The Scoop: Peasant Restaurant

Restaurateur Jamie Webb is on a mission to fire up our tastebuds and serve up traditional Spanish fare. This means stripping back to basics, and plating up traditional simple flavours – in keeping with the restaurant’s name.

This article was first published on our original site MyCityLife way back on the 21st Jan 2014. It seems as though the Peasant Restaurant has since closed down. If you have any information about this restaurant and want to help us to update our info – get in touch at [email protected]

It would seem Australians have collected an obscure concept of what Spanish food really means. This may largely be due to two things: our fabulous Australian Fusion chefs taking Spanish cuisine and interpreting it to what they believe Spanish fare means, or giving in to public pressure and altering the traditional menu so our barbaric Aussie palates can handle it.

Traditionally, Spanish fare is the people’s food: down-to-earth, uncomplicated dishes based upon locally sourced and seasonal produce, perfect for sharing; with wine as an accompaniment, a must. This means bright colours and fresh flavours – and quite a bit of olive oil. The tip is to wash it all down with a beautiful Godello or Garnacha and thus break that #pomade taste away. 

And since opening its doors in 2010, Peasant Restaurant – eldest sibling to sister Cabiria, younger brother Leftys and recent newborn Gordita – has interpreted Spanish cuisine to local taste. But restaurateur Jamie Webb is on a mission to fire up our tastebuds, add to our local culture and educate the BrisVegan bias of meat and three veg with the traditional #Espanol experience, all paired with quality Spanish fare and refreshed with classic red and whites. This means #stripping back to basics, and plating up traditional simple flavours – in keeping with the restaurant’s name. 

From design and ambiance to the cuisine itself, rustic flavour is clear and present. Even just walking through the doors, the warm interior inspires the nostrils to search for fragrances of onions, garlic, oregano, rosemary, and thyme. Long hardwood tables encourage the tapas experience, setting the tone for lengthy nibbling that works from impressing on first dates, to casually hanging out with mates. Or celebrate events, even taking it to the intimate and private dining room. The bar houses some very special spirits, beers and wines: Peasant’s signature red or white sangrias, Manzanilla or Veijo or Sherry Cobblers are perfect for casual drinking, though their signature hibiscus and rosehip ice tea (served over vodka) will send you into a Spanish #swoon.

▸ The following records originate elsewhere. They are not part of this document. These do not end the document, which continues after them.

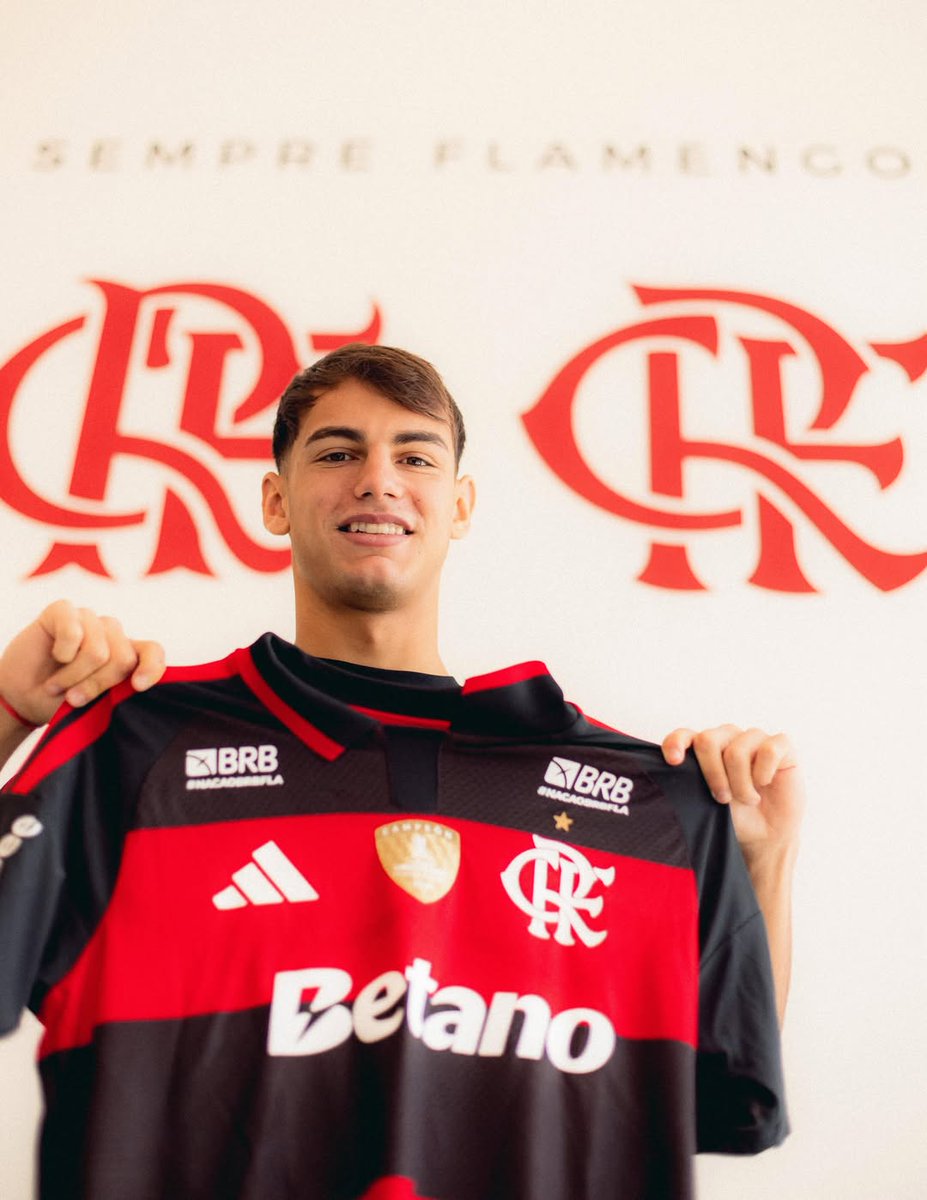 Flamengo_es's tweet photo. Hola, Joaco 👋🇦🇷

El especial saludo de Freitas para toda la Nación tras firmar contrato con Flamengo hasta el 2031.🔴⚫️ https://t.co/Ebds5Czhjw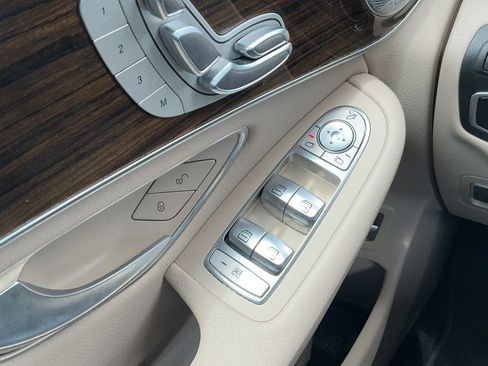 Used 2019 Mercedes-Benz GLC 300 image 14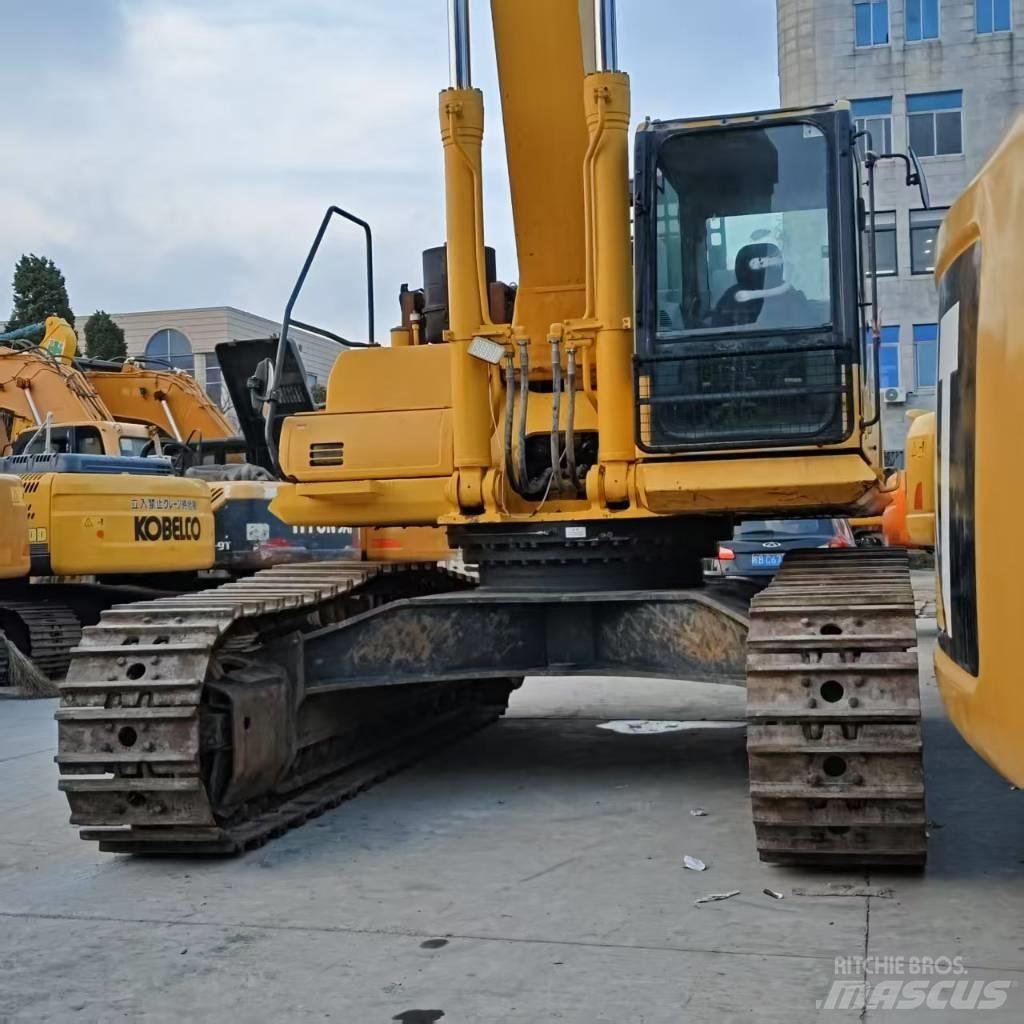 Komatsu PC460 Гусеничні екскаватори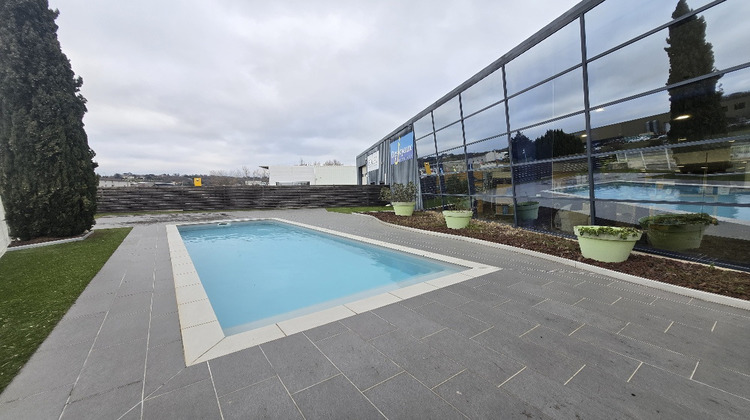 Ma-Cabane - Vente Local commercial Saint-Genis-Laval, 935 m²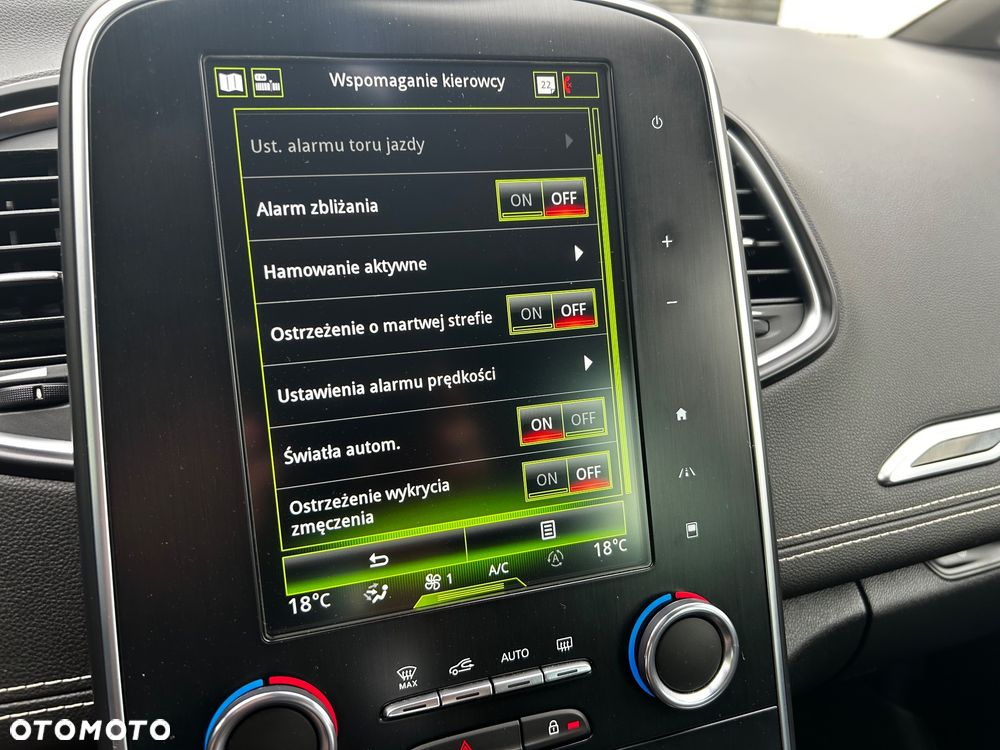 Renault Grand Scenic ENERGY TCe 140 EDC INTENS - 27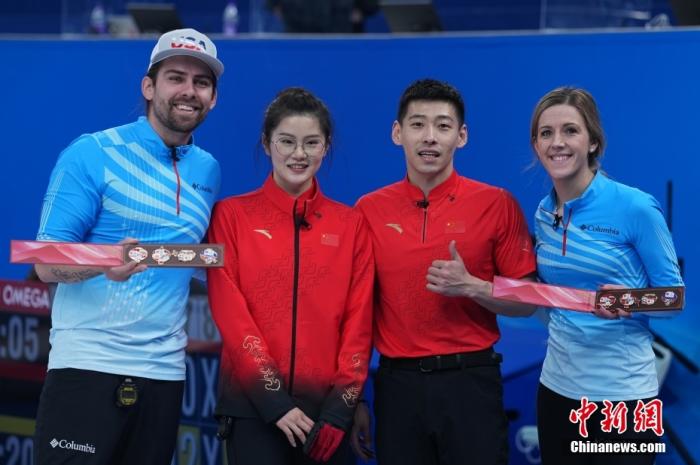 2月5日，北京冬奧會冰壺混雙循環(huán)賽中，由范蘇圓、凌智組成的中國隊5比7惜敗美國組合。比賽結(jié)束后，范蘇圓、凌智送給美國冰壺混雙組合每人一盒4個冬奧徽章。凌智表示，4個冬奧徽章是不一樣的，美國隊非常喜歡這份禮物。<a target='_blank' href='/'>中新社</a>記者 崔楠 攝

The fetching artwork adds to Peasant’s peppy ambiance, but it is the menu that especially delights and enchants. Curated by Seville-born executive chef Alfonso Ales, the castellano touch is prevalent in the menu. Toasted sour dough served alongside tomato sauce and olive oil with entremés of jamon Serrana or cured tuna are a delight, with the anchovies a true revelation to this developing gustatory cell.

The #croquettes melt upon the tongue, the potatas bravas velvety to the tastebuds, and the gambas al ajillo – garlic prawns with lemon – quite the sublime treat.

The pollo al ajillo is a visual delicacy, the chicken lightly enveloped in the garlic sauce. Everything is as much a visual feast, with the fare served on optically arresting ceramic platters and bowls. And the Vilarnu Sparkling Rose or Los Navales Verdejo perfectly compliments the dishes, washing away and breaking down what could be an invasion of the slick that is on par with Spanish cookery.

Those #Spaniards: how wonderful to build eats specifically designed for wine accompaniments – no wonder they managed to conquer most of the globe. And Peasant Restaurant: what an education for the Brisvegan taste goblet. From the Iberian Peninsula to the Pyrenees and Balearic Islands, it’s a taste sensation without leaving our own backyard. Peasant has something for everyone whilst also serving up a history lesson on the ‘gourmet armada’. #Salud!